Harvard University Press, 2005

In Western thought, the modern period signals a break with stagnant social formations, the advent of a new rationalism, and the emergence of a truly secular order, all in the context of an overarching globalization. In The Twilight of the Literary, Terry Cochran links these developments with the rise of the book as the dominant medium for recording, preserving, and disseminating thought. Consequently, his book explores the role that language plays in elaborating modern self-understanding. It delves into what Cochran calls the "figures of thought" that have been an essential component of modern consciousness in the age of print technology--and questions the relevance of this "print-bound" thinking in a world where print no longer dominates.
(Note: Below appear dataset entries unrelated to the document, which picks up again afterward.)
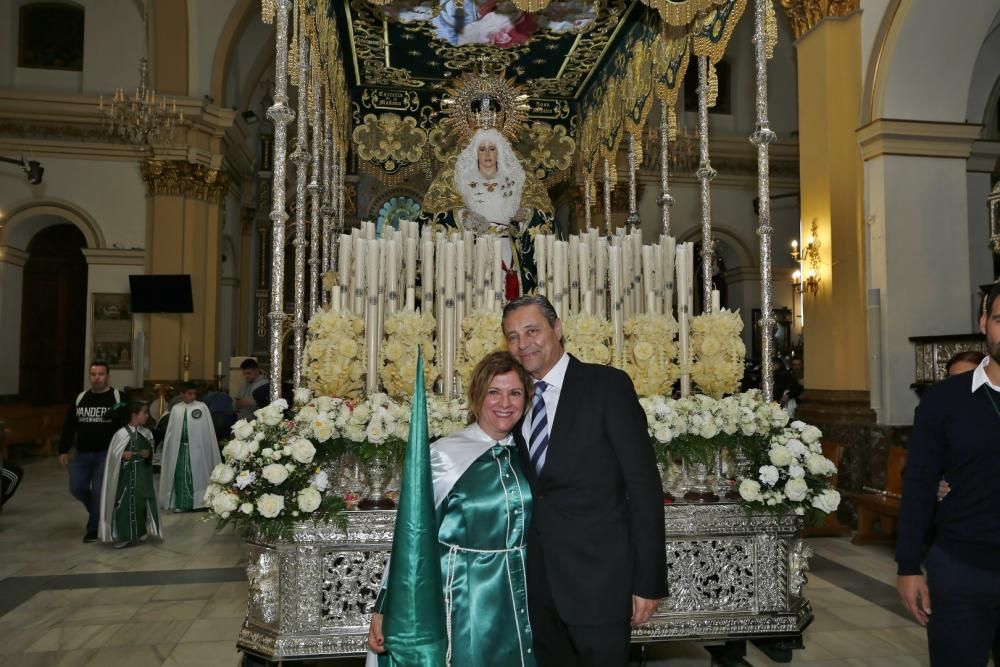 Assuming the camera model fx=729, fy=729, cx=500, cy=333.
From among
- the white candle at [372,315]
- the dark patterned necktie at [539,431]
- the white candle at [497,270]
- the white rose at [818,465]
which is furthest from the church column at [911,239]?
the dark patterned necktie at [539,431]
Cochran begins by examining major efforts of the eighteenth century that proved decisive for modern conceptions of history, knowledge, and print. After tracing late medieval formulations of vernacular language that proved crucial to print, he analyzes the figures of thought in print culture as they proceed from the idea of the collective spirit (the "people"), an elaboration of modern history. Cochran reconsiders basic texts that, in his analysis, reveal the underpinnings of modernity's formation--from Dante and Machiavelli to Antonio Gramsci and Walter Benjamin. Moving from premodern models for collective language to competing theories of history, his work offers unprecedented insight into the means by which modern consciousness has come to know itself.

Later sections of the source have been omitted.